## Exercise description
Return each line of the data below verbatim; pictures are to be left out.

(Beginning of Given data)

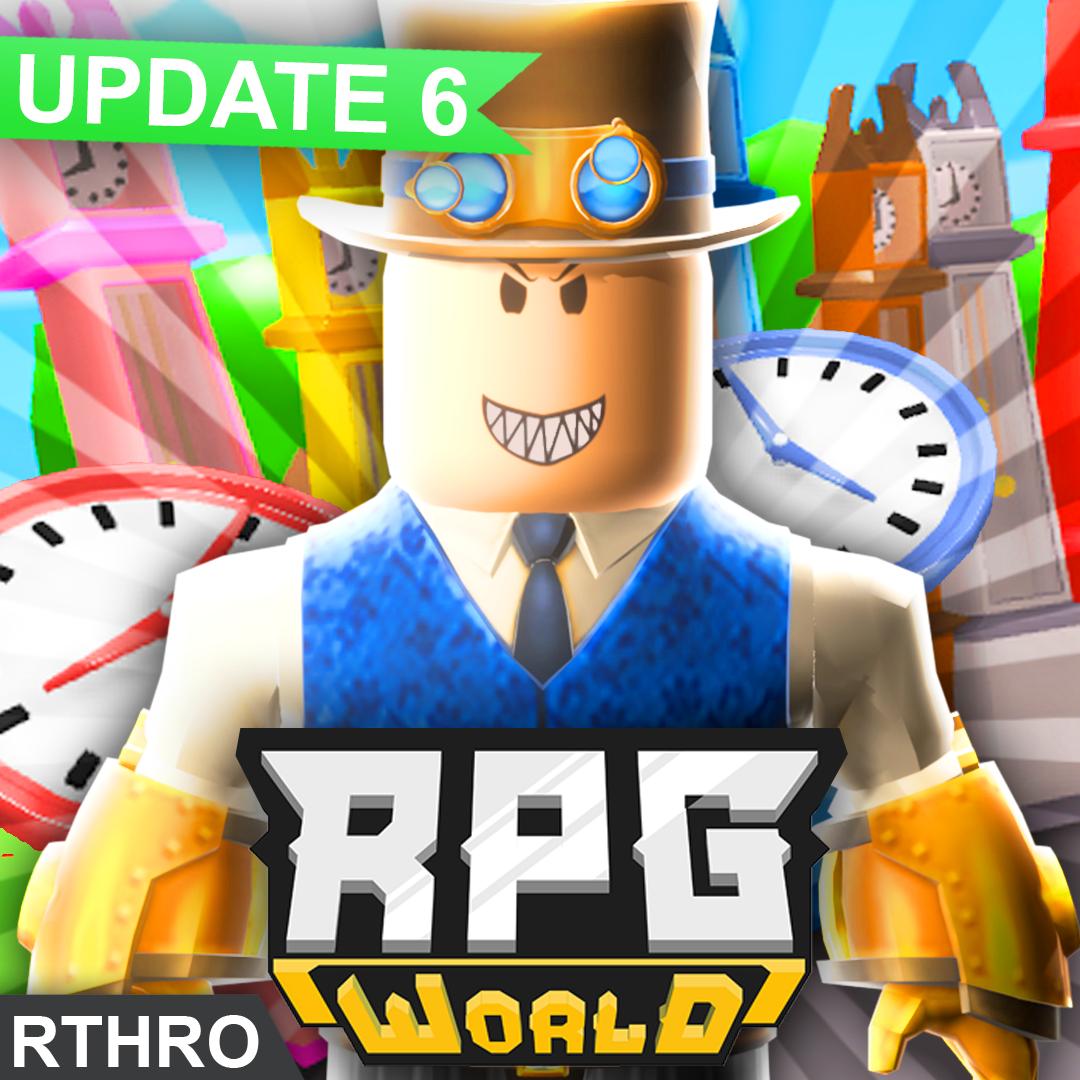 Evan Crackop On Twitter Trading Is Fixed Sorry About That Guys Use Code Sorry4shutdowns For 1 000 Coins In The Newest Update Rpgworld Https T Co Xpwijhziee Https T Co Feqdzswqu2 - roblox rpg world carnival egg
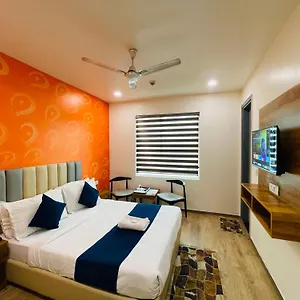 https://7-star-delhi-national-capital-territory-of-india.hotelsdelhi.org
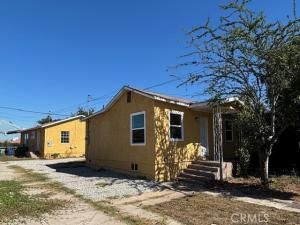 MLS #CV25245363 image #0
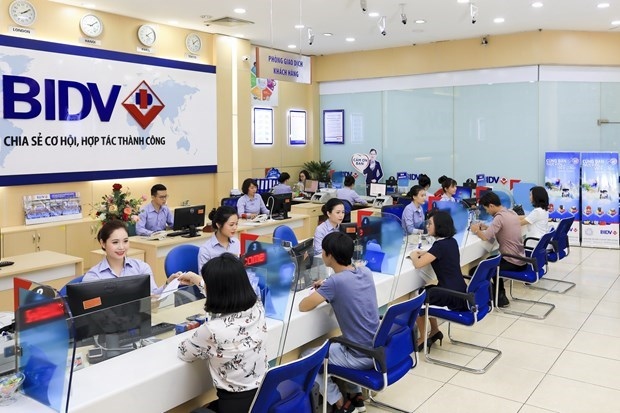 Higher funding costs to have limited impact on Vietnamese banks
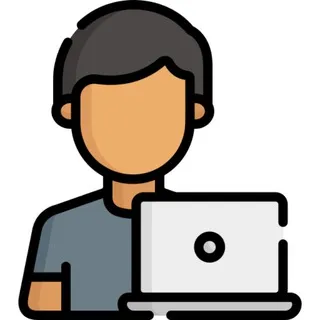 Hack Frontend Community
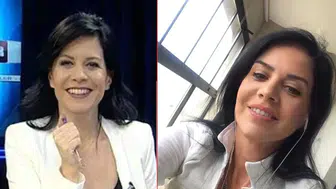 Sabah baskınıyla alındı! Lale Özan Arslan kimdir, neden gözaltında?
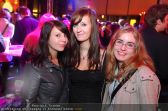 DocLX Unifest - Rathaus - Fr 08.10.2010 - 26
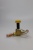 Соленоид HGS1, Xarios 14-00333-01 OEM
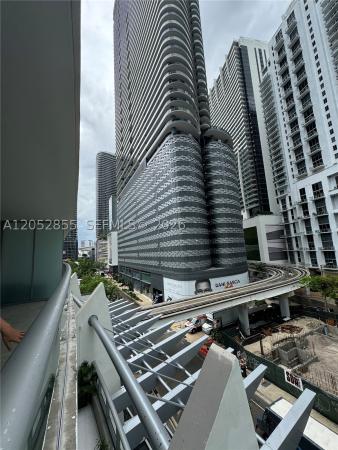 1100 Millecento Residences, 1100 S Miami Ave #411, Miami, Florida 33130, image 2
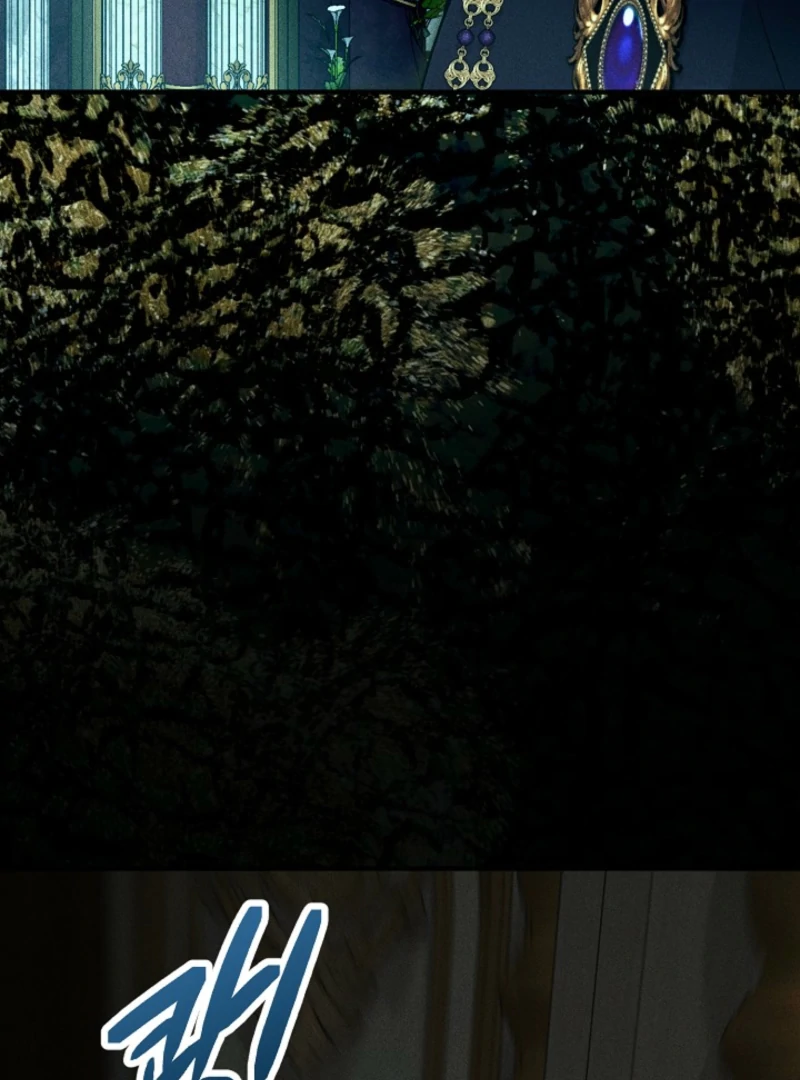 I Hate This Kind Of Reverse Harem Chapter 33 379 039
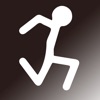 StickMan Tales StickMan Tales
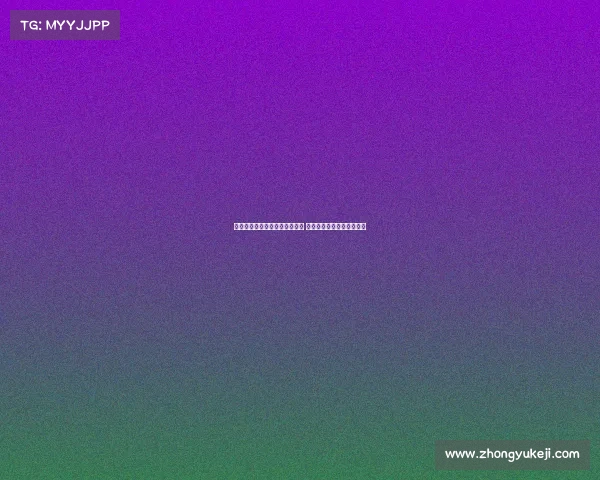 德甲新赛季开赛倒计时热血开启 球迷激情等待足球盛宴到来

(End of Given data)

## Solution to this task
 Evan Crackop On Twitter Trading Is Fixed Sorry About That Guys Use Code Sorry4shutdowns For 1 000 Coins In The Newest Update Rpgworld Https T Co Xpwijhziee Https T Co Feqdzswqu2 - roblox rpg world carnival egg
 https://7-star-delhi-national-capital-territory-of-india.hotelsdelhi.org
 MLS #CV25245363 image #0
 Higher funding costs to have limited impact on Vietnamese banks
 Hack Frontend Community
 Sabah baskınıyla alındı! Lale Özan Arslan kimdir, neden gözaltında?
 DocLX Unifest - Rathaus - Fr 08.10.2010 - 26
 Соленоид HGS1, Xarios 14-00333-01 OEM
 1100 Millecento Residences, 1100 S Miami Ave #411, Miami, Florida 33130, image 2
 I Hate This Kind Of Reverse Harem Chapter 33 379 039
 StickMan Tales StickMan Tales
 德甲新赛季开赛倒计时热血开启 球迷激情等待足球盛宴到来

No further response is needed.